Hannes Bahrmann, Vertreter auf der Parteidelegiertenkonferenz Berlin Mitte, zum anstehenden Sonderparteitag der SED  ■ INTERVIEW

taz: Sind die Frontlinien innerhalb der Partei klar? Verlaufen sie zwischen Basis und Parteiführung, die sich am Wochenende selbst aufgelöst hat, oder verläuft die Konfliktlinie möglicherweise auch durch die Basis?

Hannes Bahrmann: Bislang war ja die SED Einheitspartei in dem Sinne, daß man keine Flügel kannte. Und das oberste Prinzip, das auch in den heutigen Diskussionen durchscheint, ist immer noch die Forderung „Einheit durch Reinheit“. Aber so wie sich ja auch die Opposition derzeit nicht profilieren kann und zu klar erkennbaren einheitlichen Forderungen kommt, ist das auch bei der Partei so, daß sich gerade erst Plattformen herauszubilden beginnen, die natürlich auch noch diffus sind. Das billigste ist sicher immer, den Unterschied zwischen Basis und Führung herauszuarbeiten. Aber die Führung war ohnehin isoliert, was ja dann letztlich zur Selbstauflösung geführt hat. Sie ist der Entwicklung hinterhergehinkt und hat den Prozeß in keiner Weise mehr bestimmt. Das Gewicht der Basis ist an der erzwungenen Selbstauflösung besonders deutlich geworden.

Also gab es diese klare Konfliktlinie Basis - Führung, auch wenn sich noch nicht sagen läßt, ob sich innerhalb der SED -Mitgliedschaft unterschiedliche Strömungen formieren werden.

Die Parteiführung war ja von je her strukturell von der Basis getrennt. Alles fand hinter streng verschlossenen Türen statt. Und das mußte natürlich unter den Bedingungen des Fallens der Tabuzonen letztlich zur Selbstauflösung führen. Man muß sich aber klarmachen, daß eine solche radikale Umstrukturierung nach bestimmten Gesetzmäßigkeiten verläuft. Wenn es keinen blutigen Umsturz gibt, dann braucht man immer Leute aus alten Gremien, die weiter nach vorn gehen, sich von der alten Politik abheben. Vom alten Apparat sind jetzt für den Parteitag nur noch ganz wenige dabei. Die Delegiertenwahlen widerspiegeln schon ungeschminkt den Willen der Basis. Der steht für Veränderung und sucht nach einer neuen Partei, wenngleich keine Einigkeit über ihre Neubestimmung herrscht.

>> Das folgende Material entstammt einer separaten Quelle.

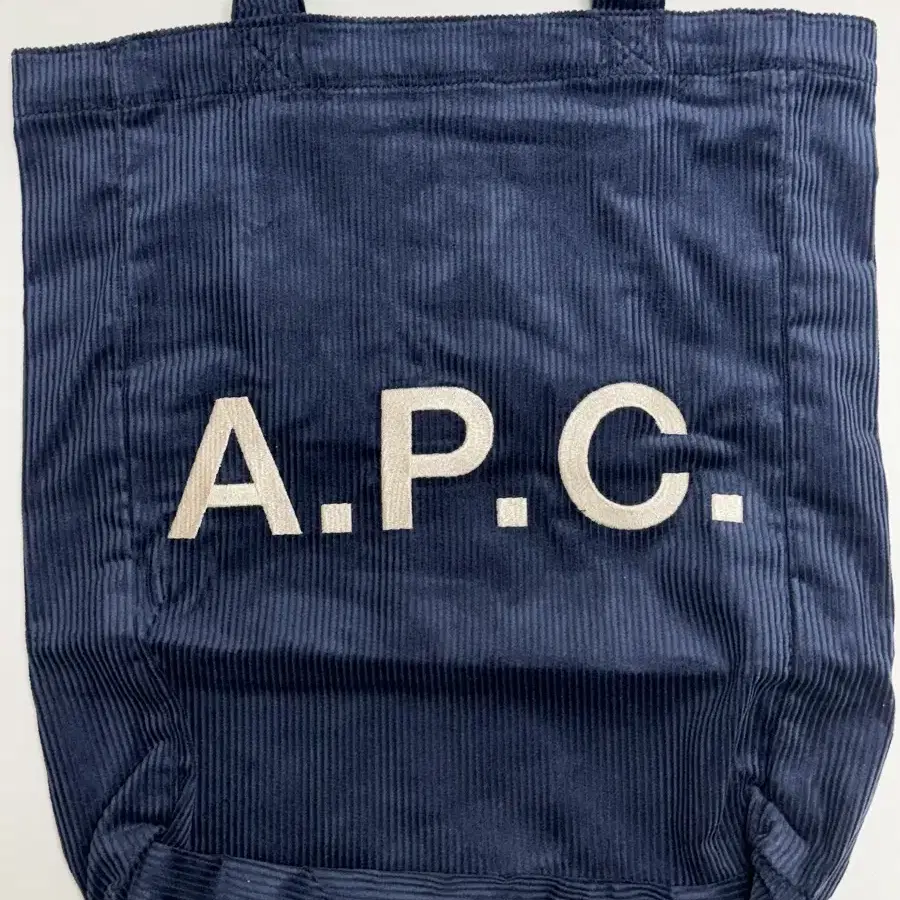 아페쎄 a.p.c. 코듀로이 자수 에코백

Soll es eine neue Partei sein?

Neue Führung, neues Programm, neues Statut. Aber es gibt die große Angst vor einem Nachvollzug des ungarischen Vorbilds. Wenn wir zu weit gehen mit der Reformierung der Partei, könnte das zur Selbstauflösung führen.

Vor der Selbstauflösung gibt es ja aber vielleicht doch die Chance einer tragfähigen Erneuerung. Gibt es da Konzepte?

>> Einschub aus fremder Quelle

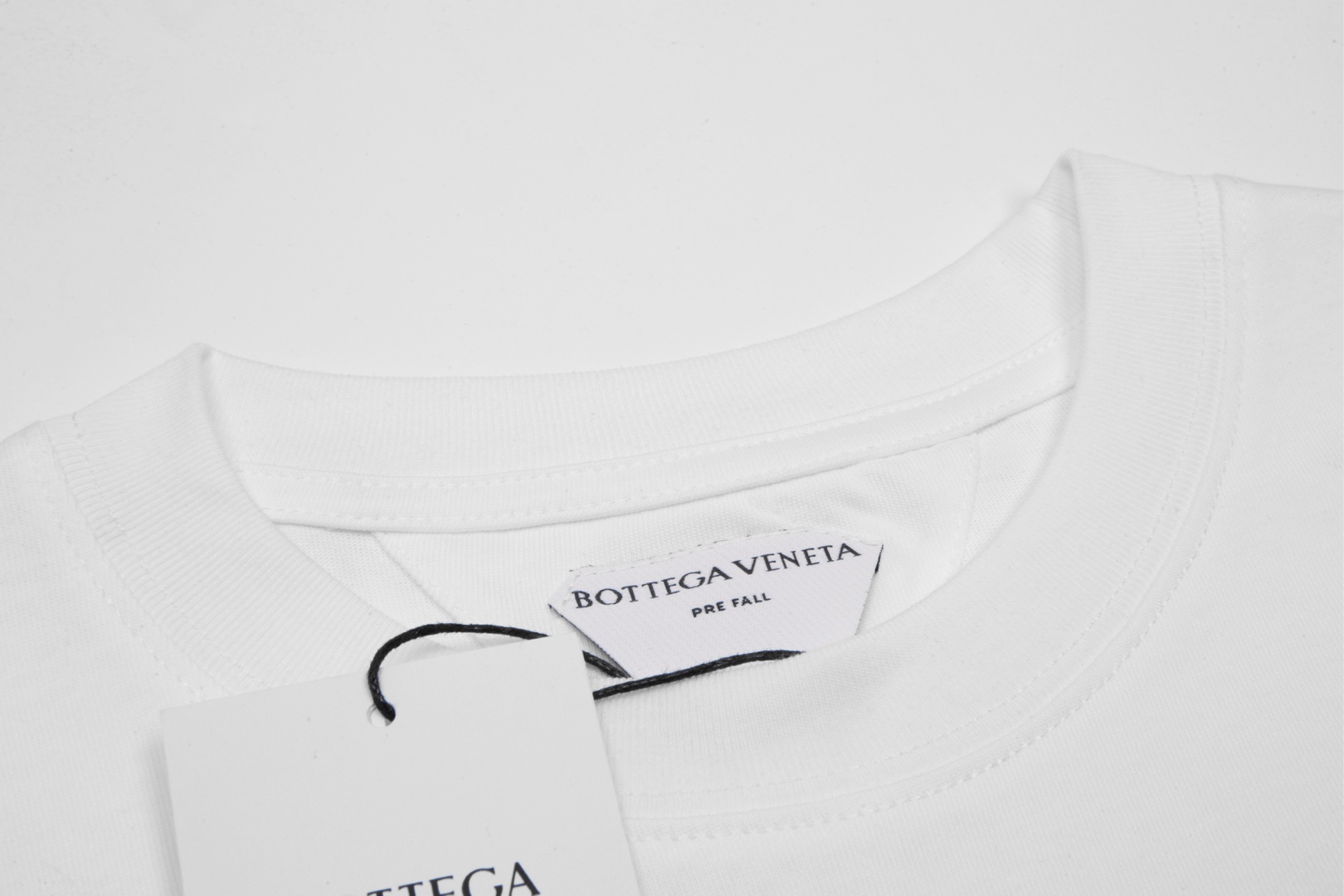 
高品质
BOTTEGA VENETA 葆蝶家 兔子图案短袖T恤 采用纯棉高克重面料，前幅印花图案 三标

Man müßte jetzt eigentlich klare Konzepte anbieten. Aber das schmerzlichste ist, daß konzeptionell nur ein Rümpelhaufen übergeben wurde und daß die großen Braintrusts wie die Akademie für Gesellschaftswissenschaften nichts, aber auch gar nichts mehr an heute verwendbaren Konzepten anzubieten haben.

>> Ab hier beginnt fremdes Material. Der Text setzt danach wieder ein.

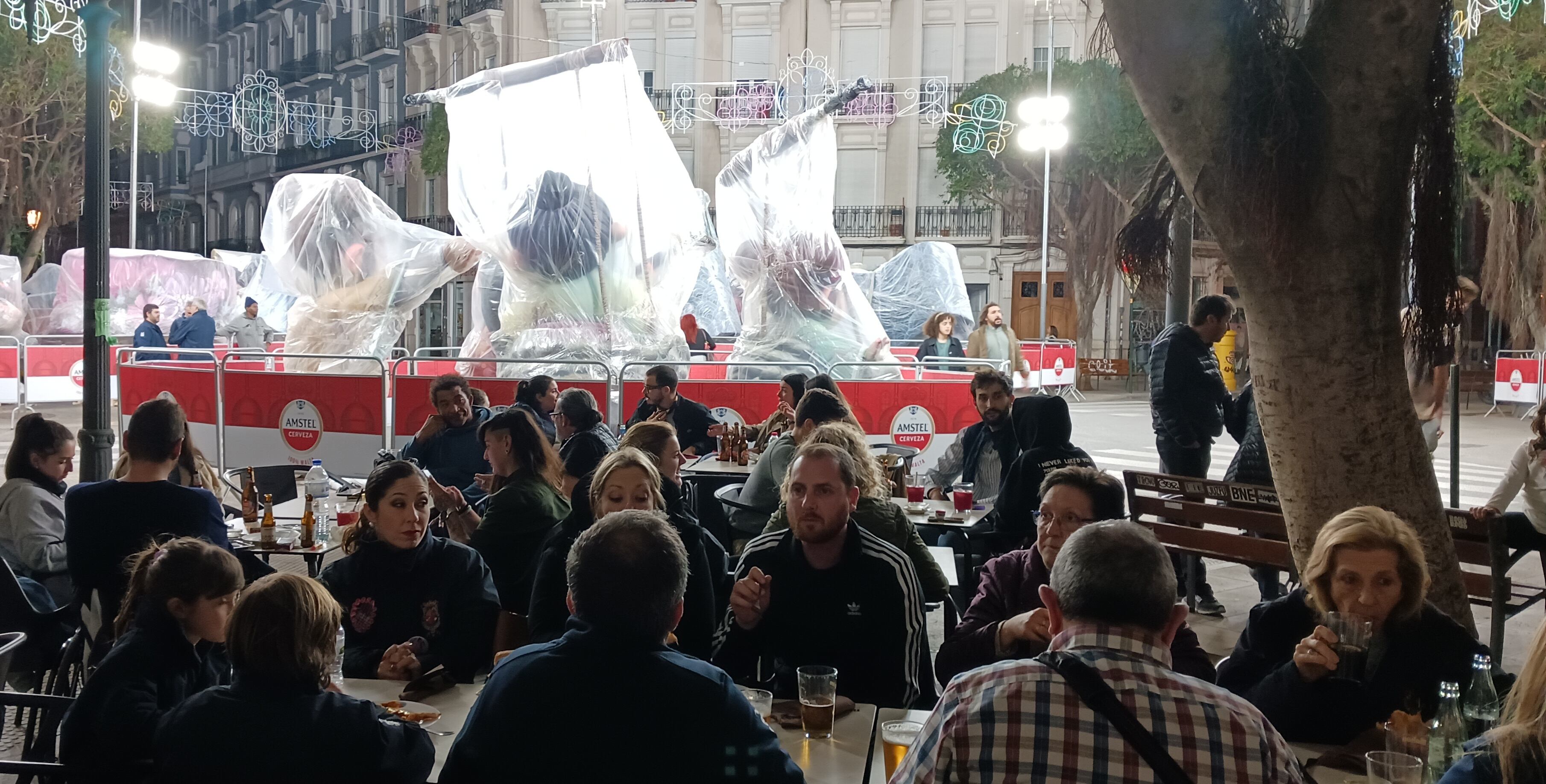 Foto en una terraza de Russafa, en València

Werden auf dem Parteitag klare Fraktionen auftreten, wird sich möglicherweise noch einmal eine Fraktion der alten Linie formieren?

Ich halte es für normal, daß auch Vertreter alter Positionen auf dem Parteitag vertreten sein werden. Ich glaube, der Sonderparteitag wird auch festlegen, daß es künftig nicht mehr ohne den produktiven Streit und auch Richtungskämpfe abgehen wird, daß man künftig auch innerhalb der Partei den konzeptionellen Streit austragen wird. Ich glaube aber nicht, daß es zu einer Formierung der Kräfte des Apparates kommen wird. Die alten Kräfte sind derzeit gelähmt und sprachlos. Ich halte allerdings nichts von einem massenhaften Ausschluß von Leuten, die eine andere Meinung vertreten, Das ist derzeit eine sehr populäre Forderung. Wir würden unseren Neuanfang mit denselben Praktiken beginnen, mit denen wir früher konfrontiert waren.

Die Gefahr einer Spaltung, etwa entlang der sozialdemokratischen bzw. kommunistischen Traditionslinie sehen Sie nicht?

Das wäre denkbar. Die Gefahr einer Spaltung ist nicht vorüber. Die Spaltung kann sogar notwendig werden. Aber momentan sehe ich mehr den Weg einer Neugründung aus sich selbst heraus, gerade auch deshalb, weil wir eine viel stärkere sozialdemokratische Tradition in der Basis haben, als wir bislang zugeben wollten.